Все это происходило не потому, конечно, что был апрель, не в силу каких-то природных законов, старинных традиций и не потому, что весна должна была быть обязательно; все это происходило потому, что все мы сильно устали, а у Марианны сильно болела голова.
Солнце неожиданно оттаяло. Оно свалило с себя облако, сидевшее башлыком на волосах, потянулось и расправило плечи.
Потом оттаяли деревья и птицы.
Вечер был большой и гулкий, и колоколоподобный.
Мы бродили в этом вечере, доходили до его конца и возвращались назад, перевязывая вечер улицами.
Говорить нужно было только о "Виктории" и о себе. Так как она знала о том, что я пишу балладу об электрифицированной розе и о рыцаре, то, естественно, считала меня достаточно осведомленным об этих предметах.
- Все мы, ненужноинакодумающие, суть двигатели внутреннего сгорания. Только мы не двигатели, а внутреннее сгорание. Мы - газ. Фу-фу! Ничего! Воздух...
Я возражал ей:
- Полноте, что вы, газ!.. Нечего сказать - газ!.. Максимка-сапожник... Что шилом кольнет, то и сапоги, что сапоги, то и спасибо! А что за силища!
- О да, вы правы, - это Мертвые души.
Мы рассмеялись.
- Зачем вы пишете балладу?
- Я не пишу балладу, мой друг, но, конечно, можно бы написать балладу. И думаю даже, что это необходимо сделать. Писать, наверное, обо всем нужно. Даже необходимо обо всем писать. А самое главное? Самое главное, мой друг, это интонация, с которой вы говорите о пустяках. В интонации могут быть рассуждения о звездных судьбах. А писать можно о наволочках.
Но она не соглашалась.
Она во что бы то ни стало хотела знать, о чем стал бы писать я, если бы чужой кусочек сердца, хоть самый маленький кусочек (сентиментальна и мила была она необыкновенно), попал бы в мое собственное сердце, как сорвавшийся в неудержимо быстром вращении куб (и все это рисовалось маленькой варежкой, сделанной из куска огромного медведя) врывается в тело стакана в превосходной композиции Цадкина.
- О чем?
- Не знаю.
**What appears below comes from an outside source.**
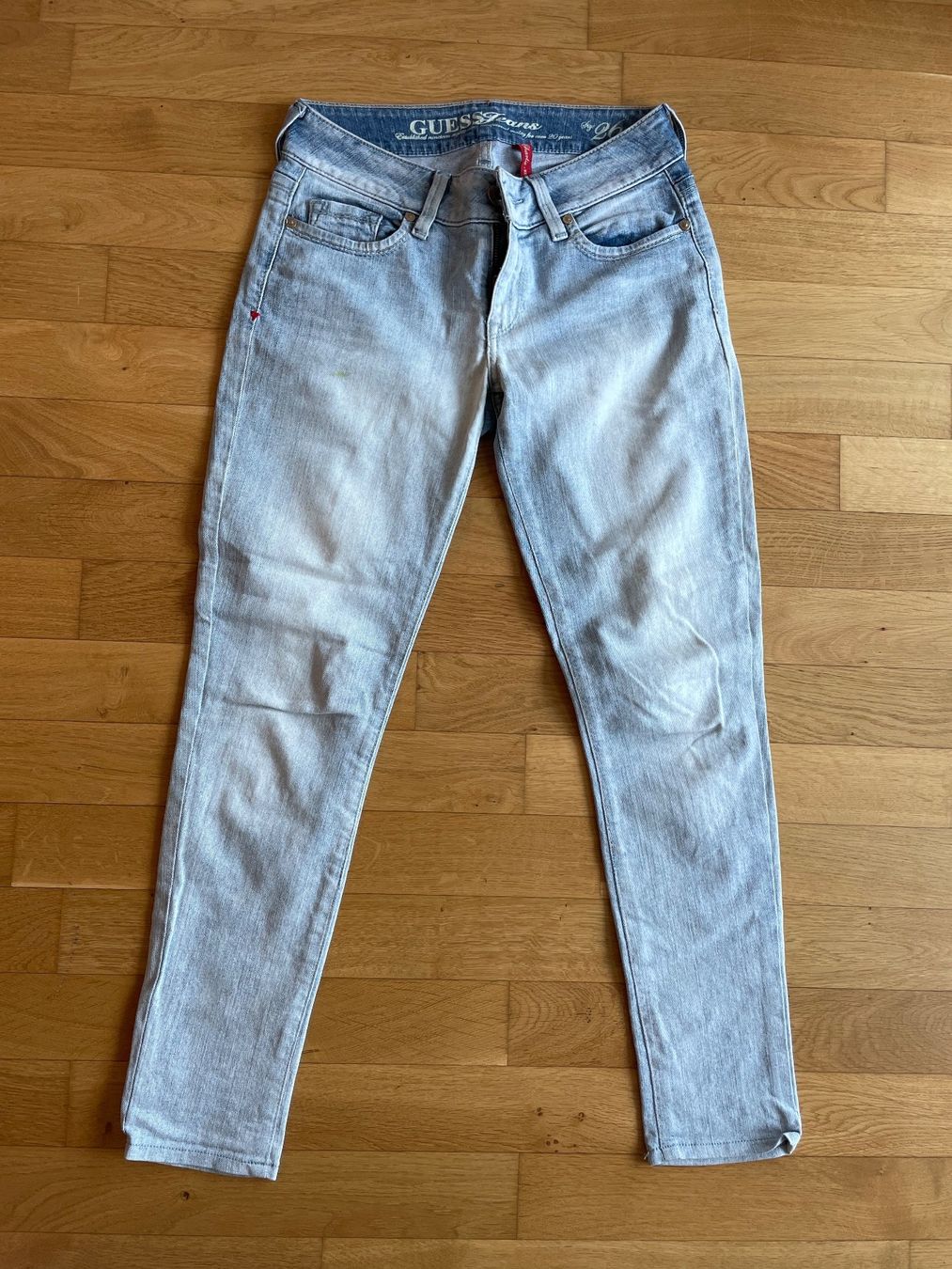 Guess Jeans: Guess jeans 26 size – Usato da Zug venduto da dim_np7l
Вероятно, о суждениях аббата Куаньяра. Или написал бы: плыло облако. Оно действительно было в штанах. И с земли это казалось дурным знаком. Как затмение в Слове об Игоре. На облако выпустили целую стаю разъяренных аэропланов и они, разумеется, тотчас же разорвали и облако, и штаны. И все это побросали на стоящих на улице женщин. И зарифмовал бы: облако - обморок, штанах - Штейнах, женщины - военщины.
Но она хотела серьезного ответа. И было очень трудно убедить ее в том, что я не шучу. Тогда она расстроилась.
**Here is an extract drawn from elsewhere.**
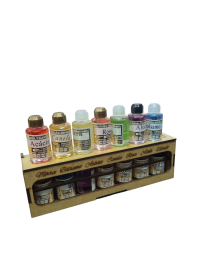 Kit de �leo 7 Un��es Para Un��o 10ml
Потом она безошибочно спросила:
- Хотите, я расскажу вам про Александра Николаевича?
Я знал, что это очень важно и что этот рассказ неминуемо должен привести к серьезному разговору.
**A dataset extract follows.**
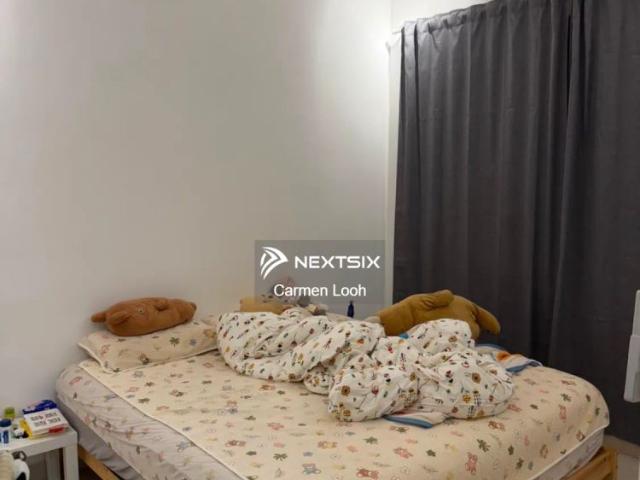 Apartment for rent in Kajang, Langat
Знал я также о том, что это довольно тривиальная и одновременно довольно редкая в наш век история влюбленного учителя. Но она обещала быть откровенной, и все это могло стать в доста-точной мере занимательным.
- Но мама об этом, кажется, только догадывается.
Это было предупреждением. Я серьезно поднял правую руку. Она осталась очень довольна.
- Итак, во-первых, согласитесь с тем, что это очень лестно. Он совершенно взрослый и, кроме того, может быть, даже способный человек. Конечно, мне это нравилось. Вам это тоже нравится. Вот, пожалуйста, откровенна я до грубости. Боже мой! Что бы сказала мама?! Ужасно! Но все равно. Слушайте дальше. Во-вторых, он сделал меня значительно старше. Из девочки я превратилась в девушку благодаря ему. Произошло это не потому, конечно, что он меня развивал (слово из неприличных кино-фильм), а потому, что в его присутствии я считала себя обязанной быть взрослой. Я становилась кокеткой и предчувствовала всякие любовные утехи. (Так Веселовский переводит Боккаччо). И сейчас тоже только предчувствую. (Боже мой! Что я ему говорю...) Слышите, это почти предупреждение. Вот видите - я же обещала быть циничной. Потом он сказал мне про это. Про что - про это?
"В этой теме личной и мелкой, перепетой не раз и не пять, он кружил поэтической белкой и будет кружиться опять". Но я действительно плохо понимала, чего нужно этому женатому учите-лю. По правде сказать, я не думаю, чтобы ему действительно что-нибудь было нужно. В классе он спрашивал: образ большевика по роману Фадеева. Я прекрасно знала, что влюбленный женатый учитель - это отвратительно, но, знаете, мне показалось все это не очень серьезным. А об утехах, по правде сказать, мне не пришло тогда в голову. Только маме не говорите, а то она запретит мне бегать глядеть Форнарину. Вам не скучно?.. В моем голосе, очевидно, чувствуются опыт и размы-шления. Никакого опыта. А тогда даже и размышлений не было. Тогда я была полуграмотной девчонкой и едва-едва только начинала читать Гамсуна. Вы наверное не стали бы водиться со мной. Так вот - размышлений не было. Опыта тоже. Об утехах мне действительно не пришло в голову. И вообще, все это было только лестно. Влюблена я - увы - еще ни разу не была (а тем более в учителя). Аркадий, слышите, я еще ни разу не была влюблена. Не знаю, что чувствовала я к Александру Николаевичу. Вероятно, для того, чтобы сравнивать, нужно полюбить два раза.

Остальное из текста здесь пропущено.